• [Work item] Write every line of the material again exactly, with no pictures in the copy.

• [Supplied data]
+---+

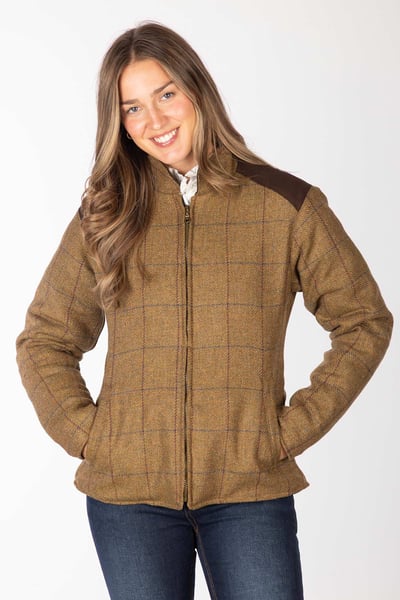 Ladies Padded Tweed Jacket - Haworth - Beige Tweed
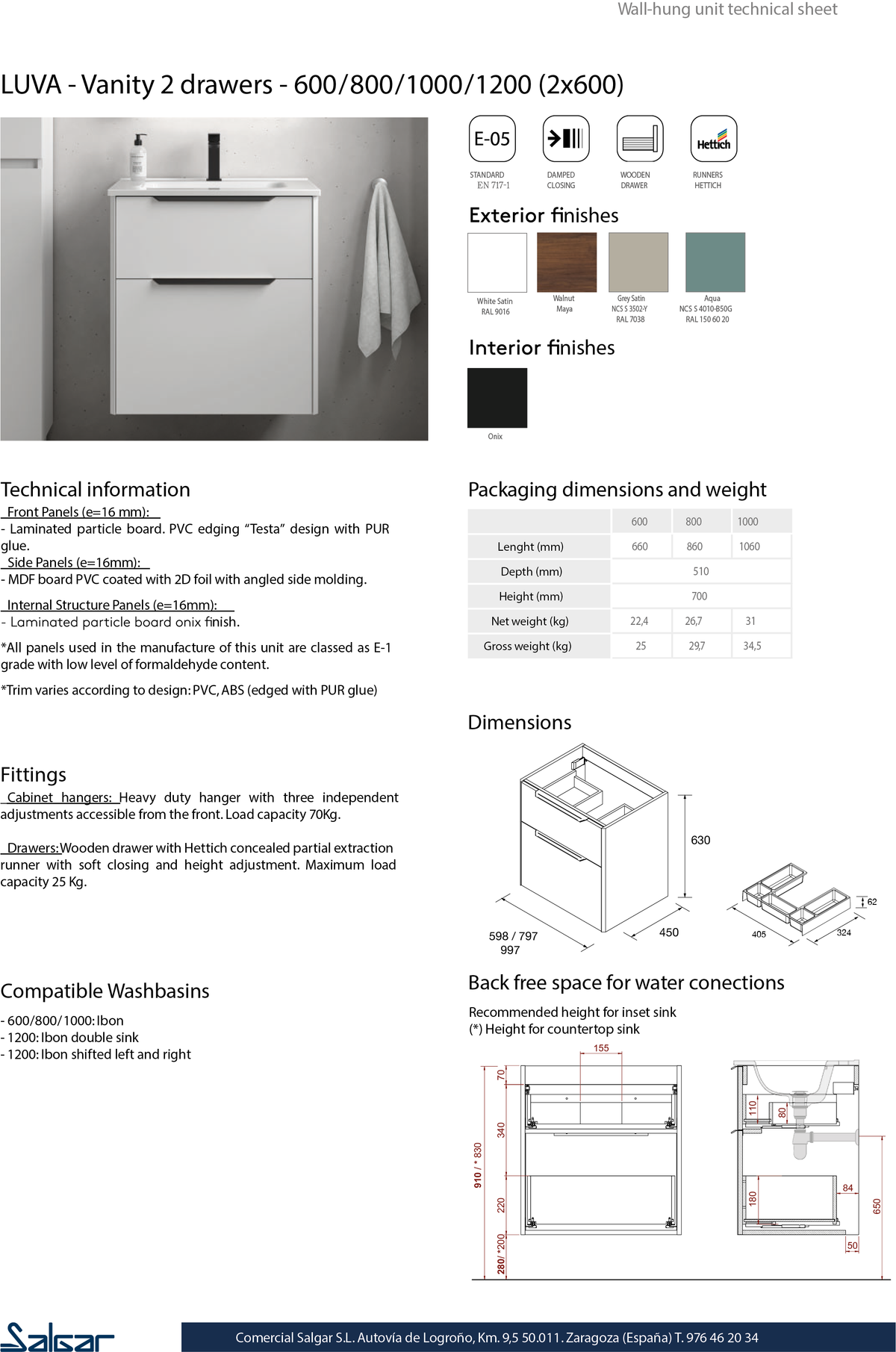 Vanity Luva 40 inches (1000) 2 drawers Aqua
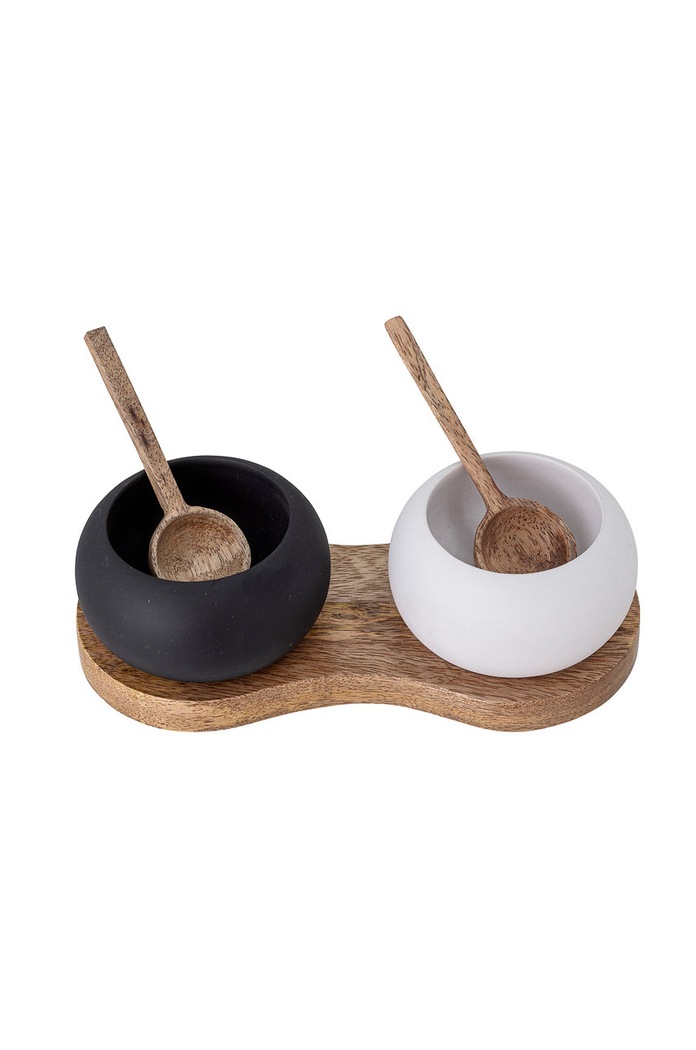 Recipient de condimente cu o lingură (2-pack) Bloomingville 82052509 negru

+---+

• [Answer area]
 Ladies Padded Tweed Jacket - Haworth - Beige Tweed
 Vanity Luva 40 inches (1000) 2 drawers Aqua
 Recipient de condimente cu o lingură (2-pack) Bloomingville 82052509 negru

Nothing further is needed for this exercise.